Your objective:
Although the records contain pictures, only their text should be set down, exactly as written.

Scraped caption text data:
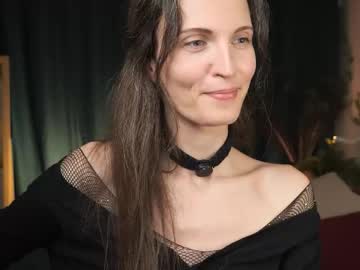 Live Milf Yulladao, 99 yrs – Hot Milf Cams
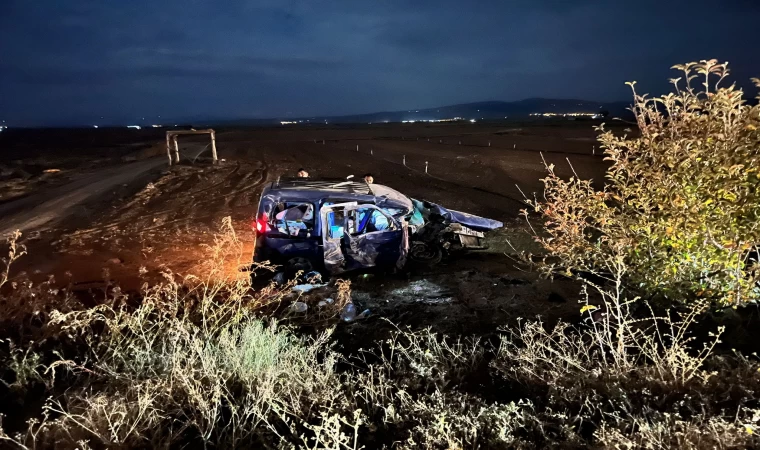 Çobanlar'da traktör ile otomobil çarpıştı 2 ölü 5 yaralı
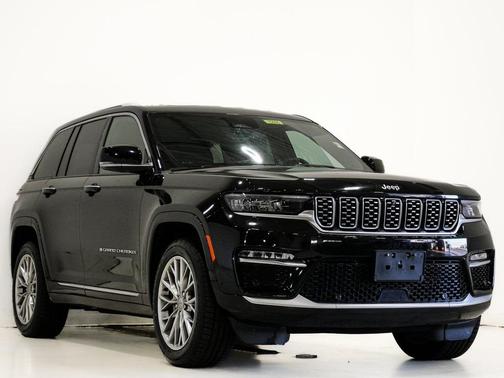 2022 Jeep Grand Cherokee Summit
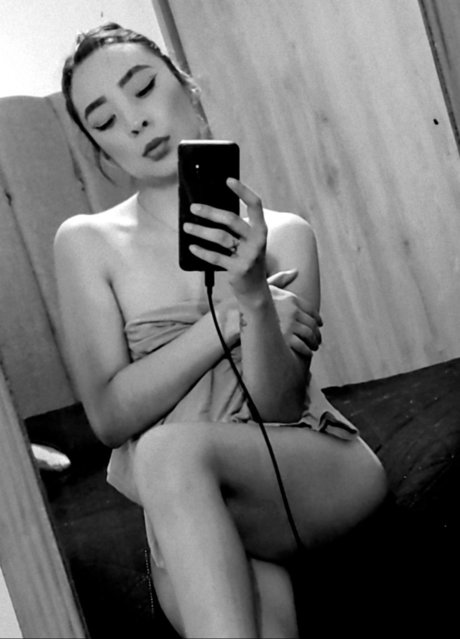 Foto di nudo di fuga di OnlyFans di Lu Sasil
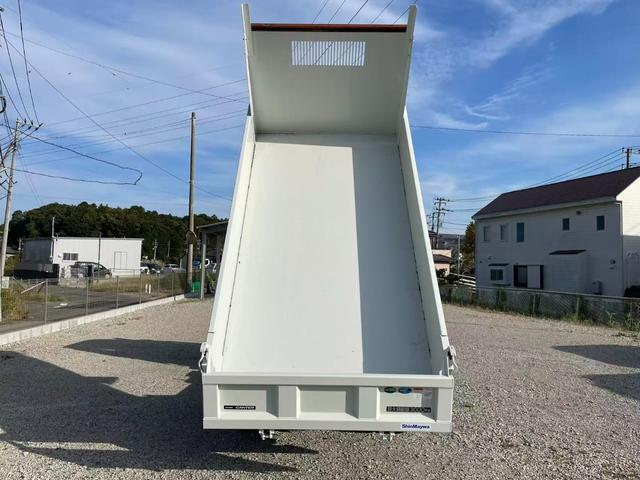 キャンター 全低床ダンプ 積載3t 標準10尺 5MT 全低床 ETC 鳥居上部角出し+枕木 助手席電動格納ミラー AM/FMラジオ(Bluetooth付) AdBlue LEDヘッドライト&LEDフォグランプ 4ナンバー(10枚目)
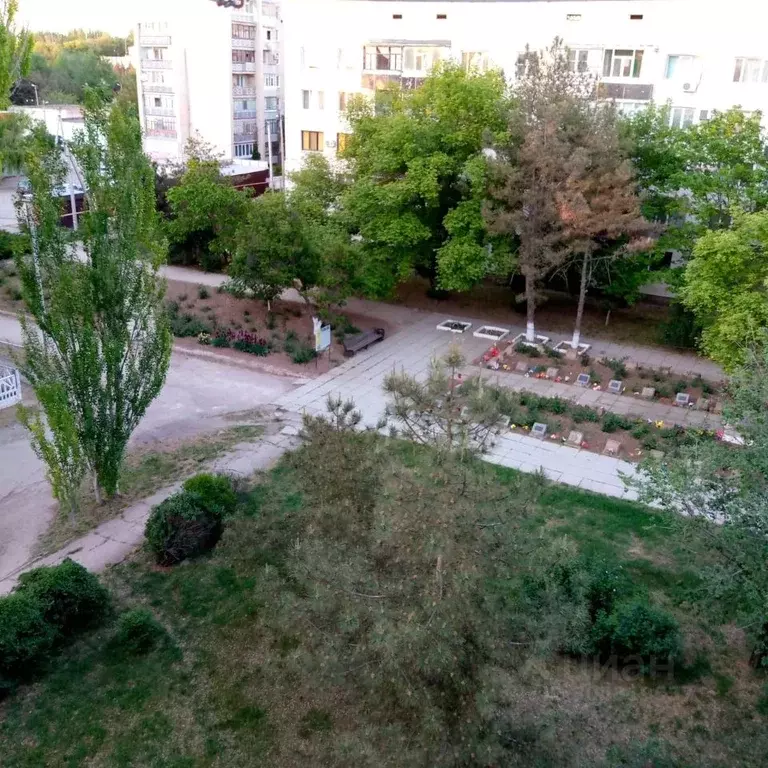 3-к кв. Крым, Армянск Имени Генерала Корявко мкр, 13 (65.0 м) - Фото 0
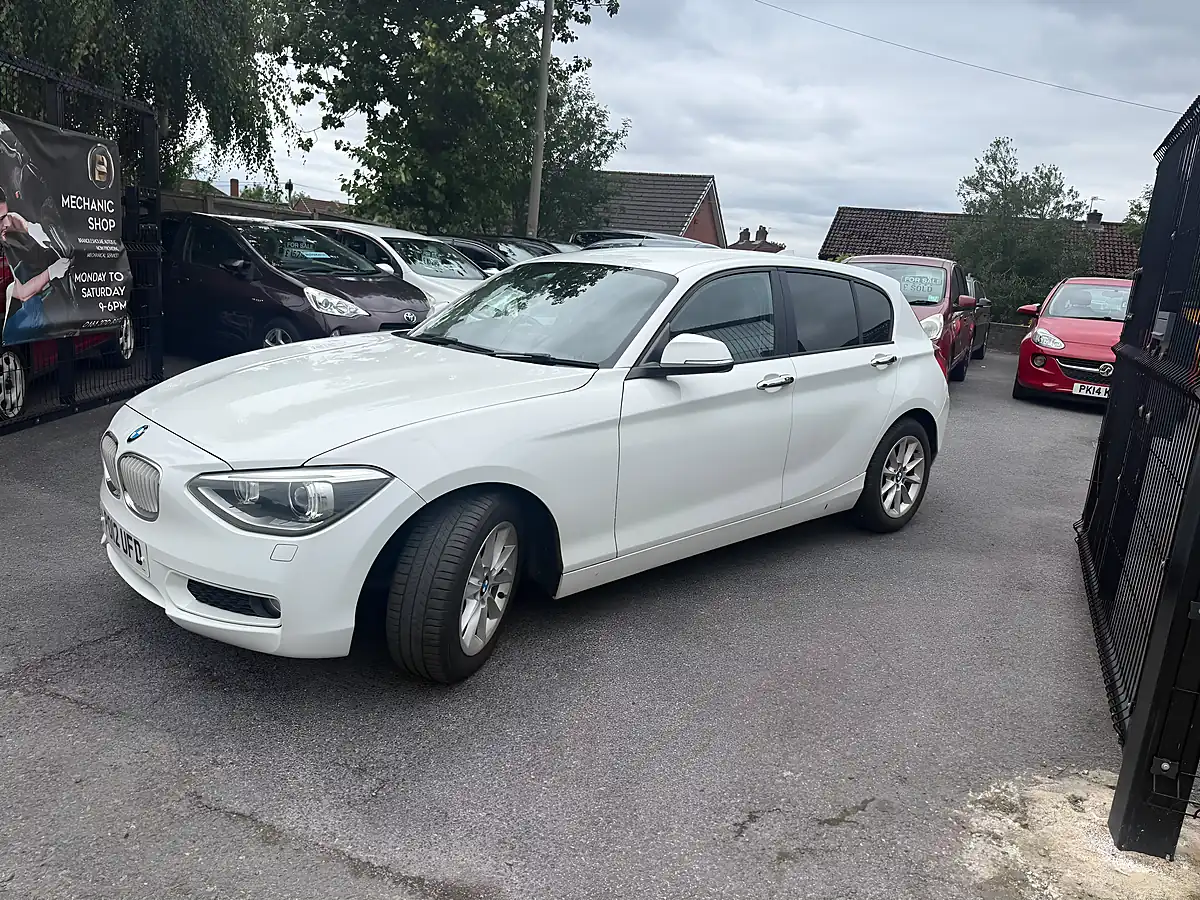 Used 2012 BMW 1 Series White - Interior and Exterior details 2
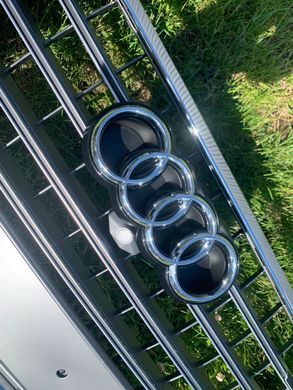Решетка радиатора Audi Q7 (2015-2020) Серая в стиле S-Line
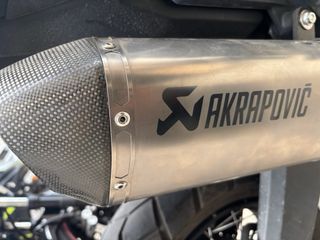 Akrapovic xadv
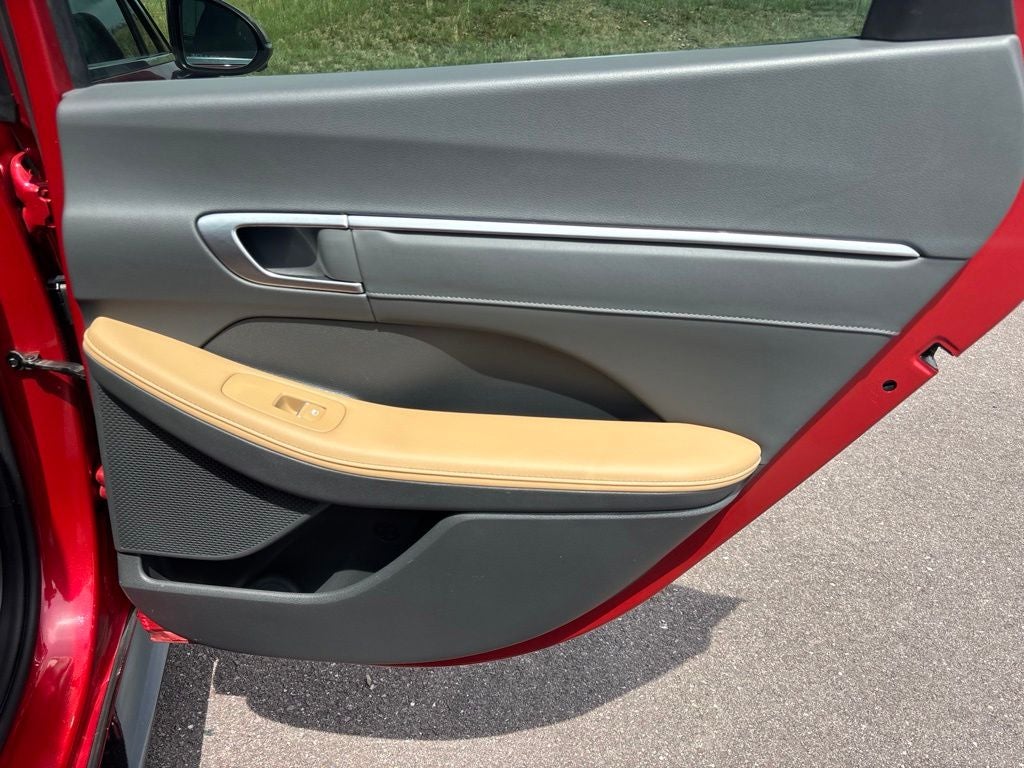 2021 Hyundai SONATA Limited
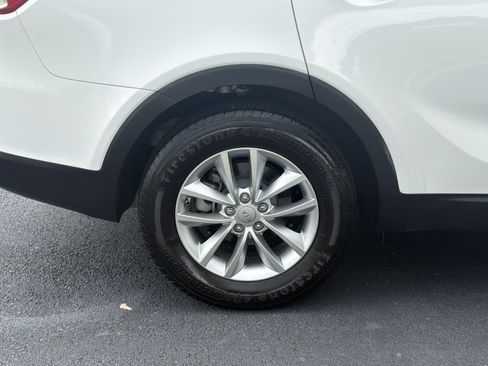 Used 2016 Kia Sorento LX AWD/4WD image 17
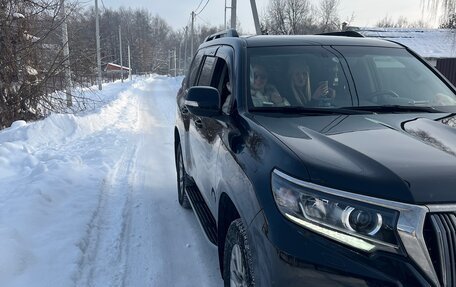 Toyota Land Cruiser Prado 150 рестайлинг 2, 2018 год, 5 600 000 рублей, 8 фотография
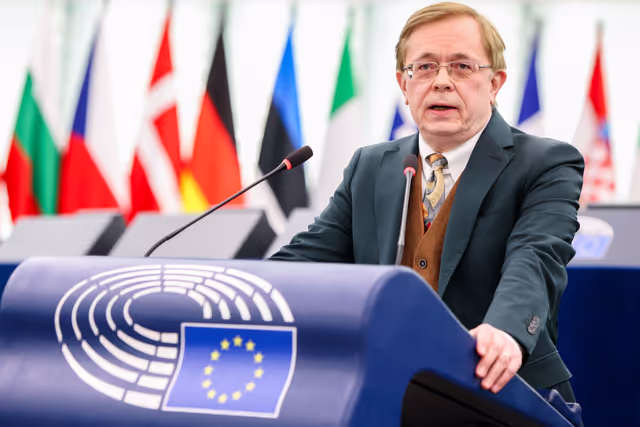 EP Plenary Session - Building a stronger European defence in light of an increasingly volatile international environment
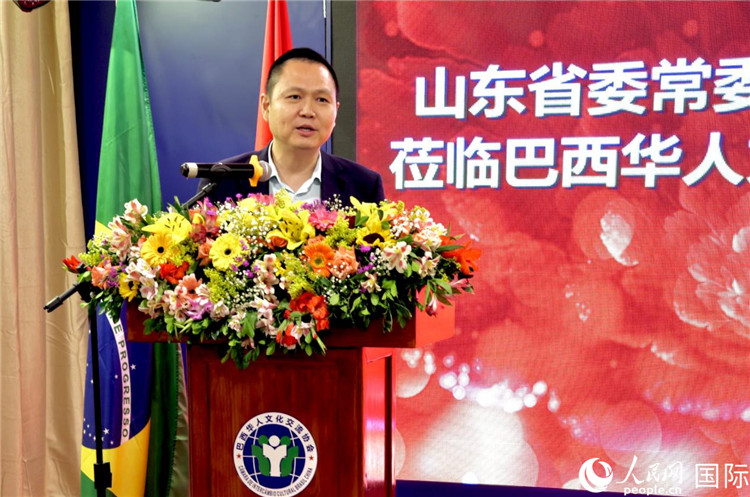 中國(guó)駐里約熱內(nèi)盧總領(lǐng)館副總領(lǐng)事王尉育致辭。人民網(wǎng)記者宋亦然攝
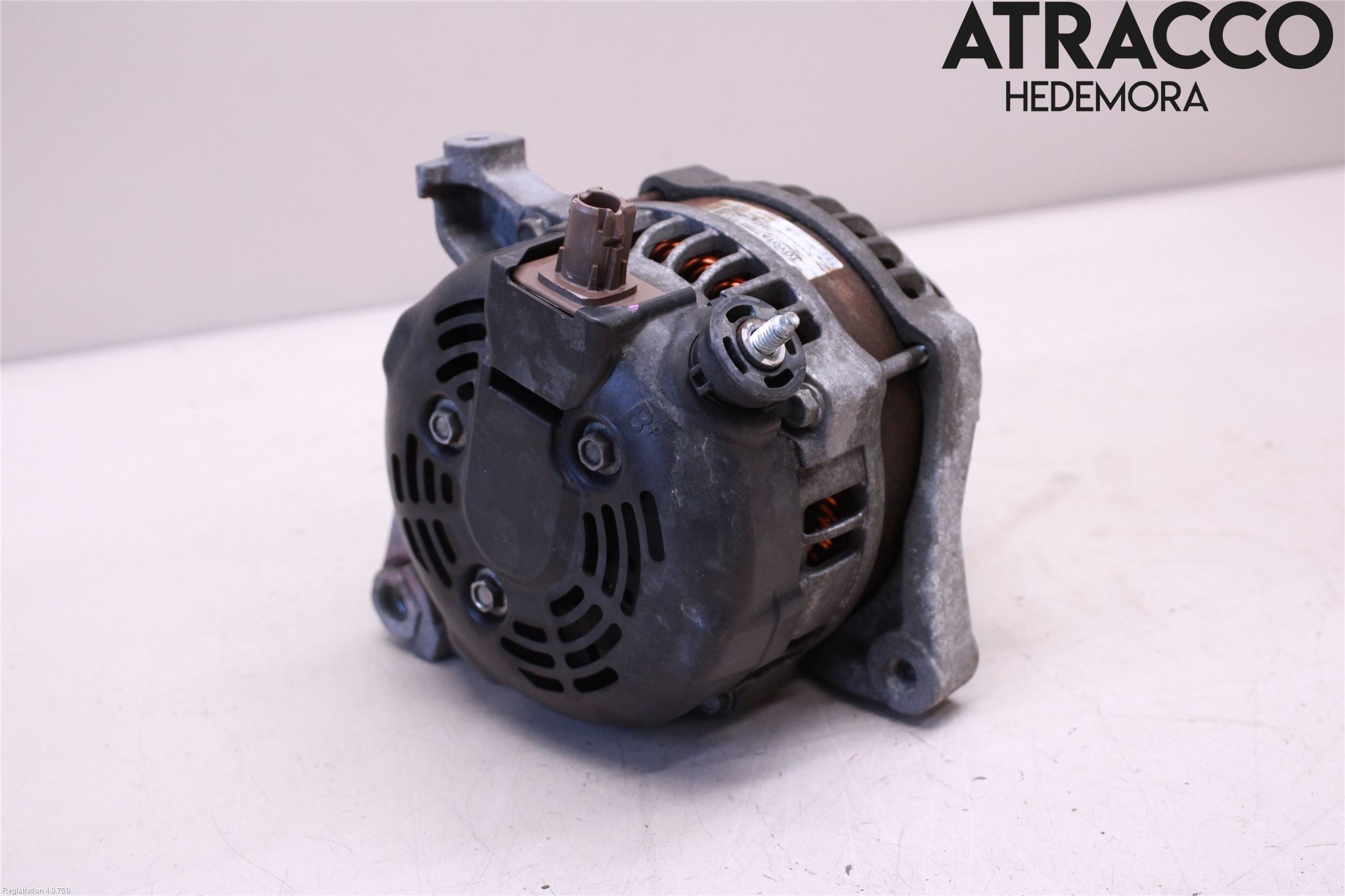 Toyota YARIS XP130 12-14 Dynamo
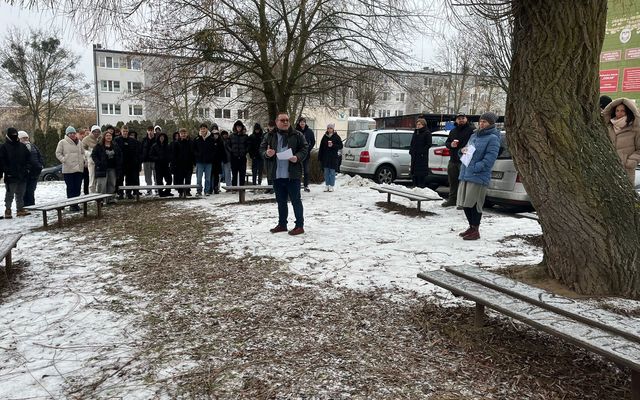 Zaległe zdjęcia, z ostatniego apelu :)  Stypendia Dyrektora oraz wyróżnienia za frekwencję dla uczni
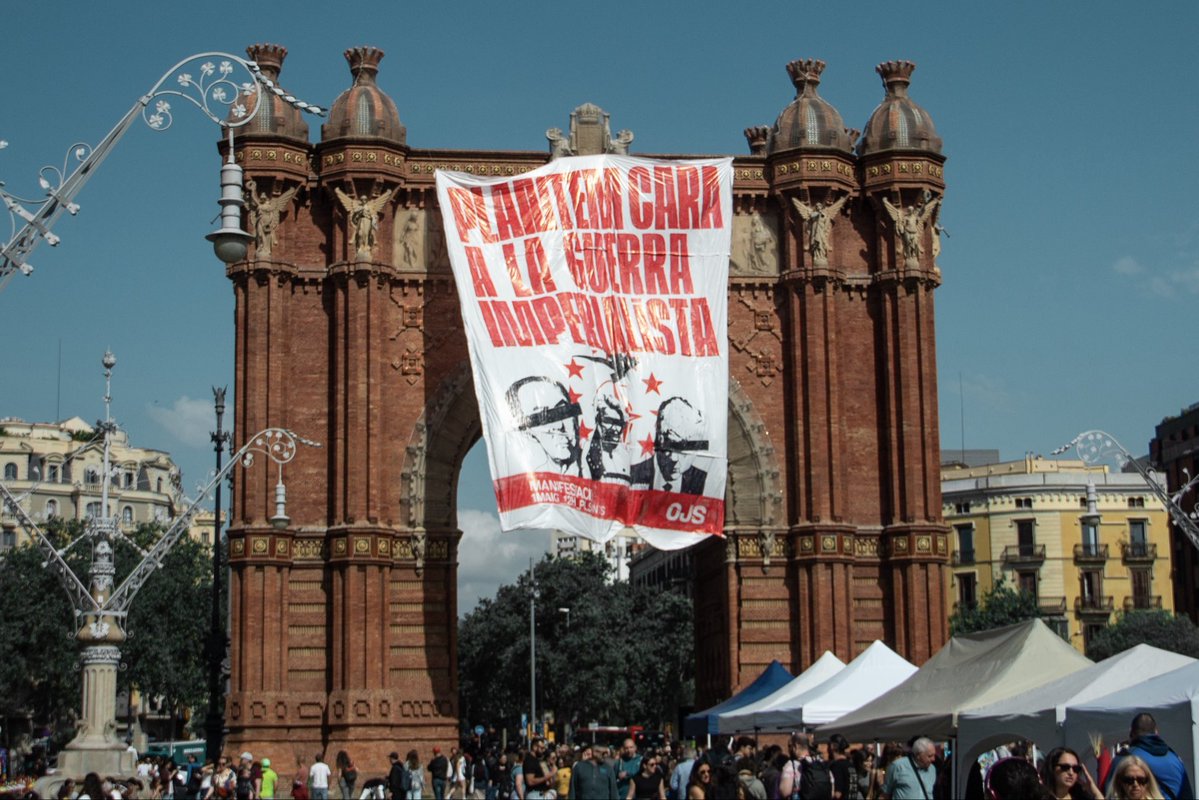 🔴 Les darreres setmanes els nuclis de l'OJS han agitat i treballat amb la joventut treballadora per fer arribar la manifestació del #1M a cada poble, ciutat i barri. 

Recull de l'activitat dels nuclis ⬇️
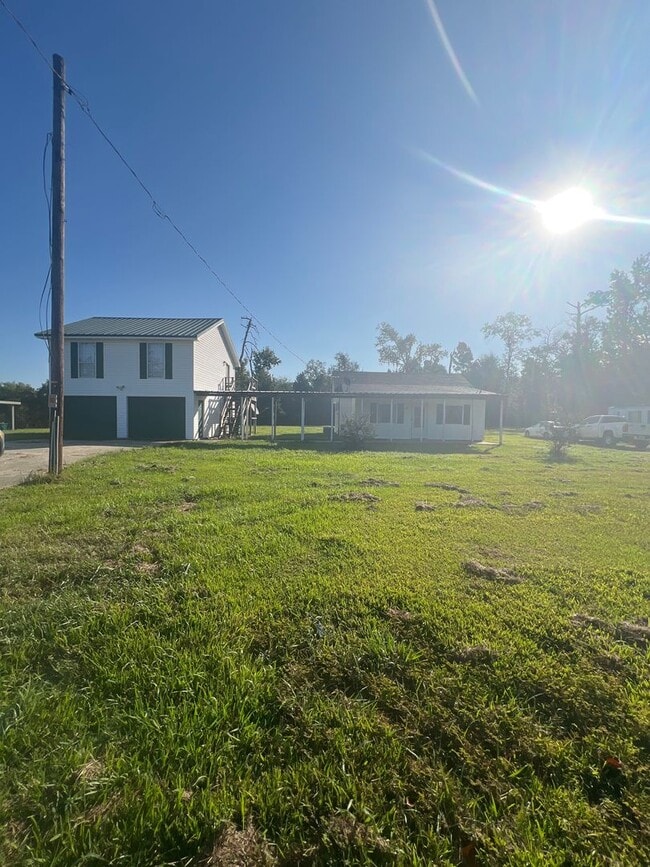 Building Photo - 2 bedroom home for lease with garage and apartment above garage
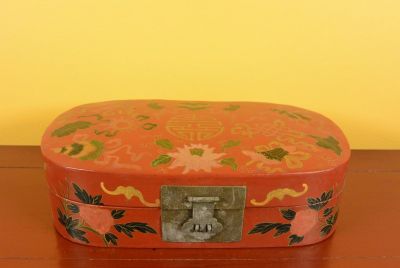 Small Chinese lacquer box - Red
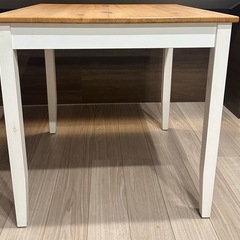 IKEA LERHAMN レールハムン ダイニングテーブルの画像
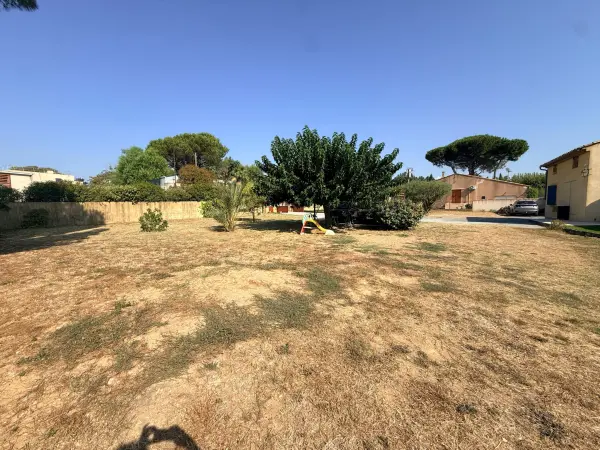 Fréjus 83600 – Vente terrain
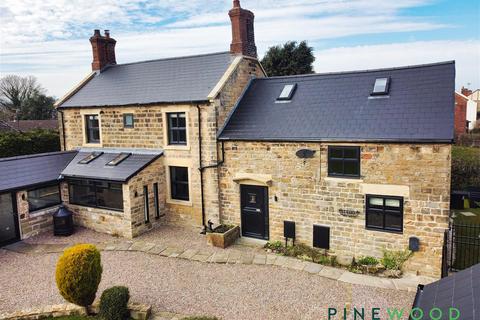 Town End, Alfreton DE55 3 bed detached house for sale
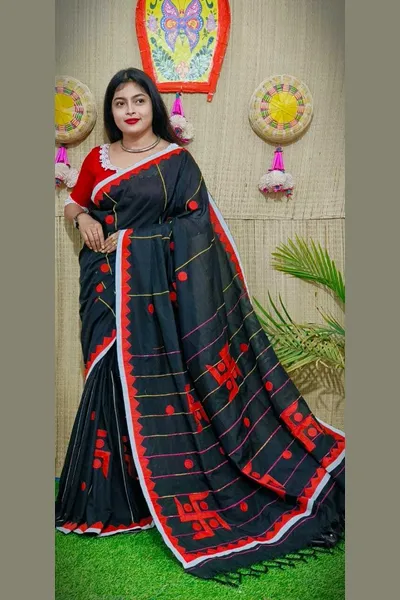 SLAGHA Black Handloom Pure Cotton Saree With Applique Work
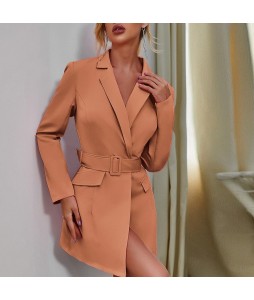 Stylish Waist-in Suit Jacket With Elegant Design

Output below:
 Live Milf Yulladao, 99 yrs – Hot Milf Cams
 Çobanlar'da traktör ile otomobil çarpıştı 2 ölü 5 yaralı
 2022 Jeep Grand Cherokee Summit
 Foto di nudo di fuga di OnlyFans di Lu Sasil
 キャンター 全低床ダンプ 積載3t 標準10尺 5MT 全低床 ETC 鳥居上部角出し+枕木 助手席電動格納ミラー AM/FMラジオ(Bluetooth付) AdBlue LEDヘッドライト&LEDフォグランプ 4ナンバー(10枚目)
 3-к кв. Крым, Армянск Имени Генерала Корявко мкр, 13 (65.0 м) - Фото 0
 Used 2012 BMW 1 Series White - Interior and Exterior details 2
Решетка радиатора Audi Q7 (2015-2020) Серая в стиле S-Line
 Akrapovic xadv
 2021 Hyundai SONATA Limited
 Used 2016 Kia Sorento LX AWD/4WD image 17
 Toyota Land Cruiser Prado 150 рестайлинг 2, 2018 год, 5 600 000 рублей, 8 фотография
 EP Plenary Session - Building a stronger European defence in light of an increasingly volatile international environment
 中國(guó)駐里約熱內(nèi)盧總領(lǐng)館副總領(lǐng)事王尉育致辭。人民網(wǎng)記者宋亦然攝
 Toyota YARIS XP130 12-14 Dynamo
 Zaległe zdjęcia, z ostatniego apelu :)  Stypendia Dyrektora oraz wyróżnienia za frekwencję dla uczni
 🔴 Les darreres setmanes els nuclis de l'OJS han agitat i treballat amb la joventut treballadora per fer arribar la manifestació del #1M a cada poble, ciutat i barri. 

Recull de l'activitat dels nuclis ⬇️
 Building Photo - 2 bedroom home for lease with garage and apartment above garage
 Small Chinese lacquer box - Red
 IKEA LERHAMN レールハムン ダイニングテーブルの画像
 Fréjus 83600 – Vente terrain
 Town End, Alfreton DE55 3 bed detached house for sale
 SLAGHA Black Handloom Pure Cotton Saree With Applique Work
 Stylish Waist-in Suit Jacket With Elegant Design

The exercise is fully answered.